Throughout Central America, the Garifuna population suffers from political and economic marginalization and racial discrimination. In 1937, the Honduran government led a brutal massacre through many Garifuna villages. According to Witness, an international human rights organization, leaders have used the devastation wrought by Hurricane Mitch to appropriate Garifuna lands for the development of large-scale tourist resorts since 1998. Even today, many Garifuna villages have inadequate access to basic necessities like drinking water, medical care and education.

As in many immigrant communities, there is pressure on Garinagu in America to send money to their families at home, help relatives migrate to the U.S., and support them once they arrive. According to Sabio, remittances sent from abroad make up the majority of income for many Garifuna households in Honduras.

Sabio was 16 years old when she decided to follow her older sister to Brownsville. She remembered her sister’s first visit home to Honduras — her styled hair, high heels, light skin and new English vocabulary. “Your relatives come home and they’re dressed like kings,” said Sabio. “I wanted to be like my sister. I said, ‘I want to go to United States.’”

Last summer, two Garifuna men were among the 72 Central and South American migrants killed in northeastern Mexico by a group connected to Los Zetas drug cartel. Recently, despite her warnings, a young relative of Sabio’s traveled from Honduras to Mexico to attempt the same border crossing. When he was captured by an armed gang and held for ransom, Sabio had to pay $3,000 for his release.

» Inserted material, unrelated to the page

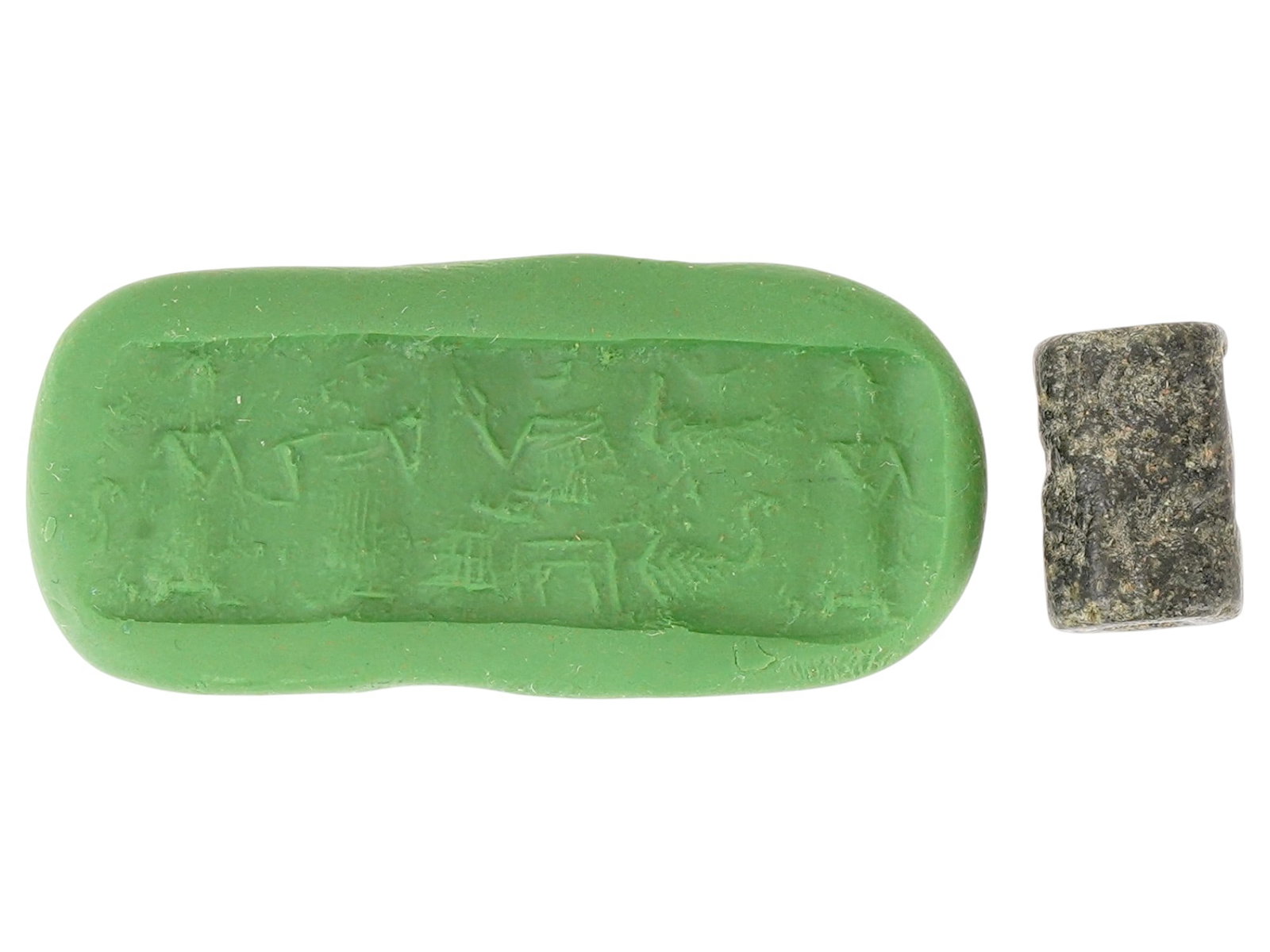 ANCIENT NEAR EASTERN STEATITE CYLINDER SEAL: An ancient Near Eastern steatite cylinder seal, dating from the 2nd to 1st millennium BC, engraved with ritualistic scenes depicting figures and symbolic motifs associated with ceremonial or religious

The AIDS epidemic in Central America is another grave concern for Garinagu in the U.S. The United States Agency for International Development recently reported that El Salvador, Honduras and Guatemala account for the majority of Central America’s total infected population.

The same report designated the Garifuna community as a “most-at-risk” population, given the stigma that deters villagers from talking about and protecting themselves from the disease. Since Garinagu travel frequently between Central America and the U.S., they create a bridge for the disease between countries, resulting in a rate of HIV/AIDS infection that can be double or triple that of other communities in New York City, according to a 2001 article published by Columbia University’s Graduate School of Journalism.

Sabio provided for her cousin’s six children in Honduras when their mother died of AIDS. “It was not easy,” she said. “I had to work two jobs. One week, I would send a pair of sneakers; the next week they’d have a hole in their pants. They got to know me very well at the Goodwill here.”

Like other Garifuna elders, Sabio worries that their language and heritage will be lost as young people assimilate into American culture. She makes it a point to teach her granddaughters the Garifuna language, show them traditional dances like the punta, and cook Garifuna food like cassava bread and hudutu, a coconut milk soup with fish and mashed plantains.

“It’s our identity,” Sabio said. “Without an identity, you are like a leaf, just floating in the air.”

But Suazo wasn’t worried. “Young people used to keep their identity on the down low so no on would laugh at them,” she said. “I definitely had an identity crisis when I was young. But now people know who we are and I grew up to be proud of who I am.”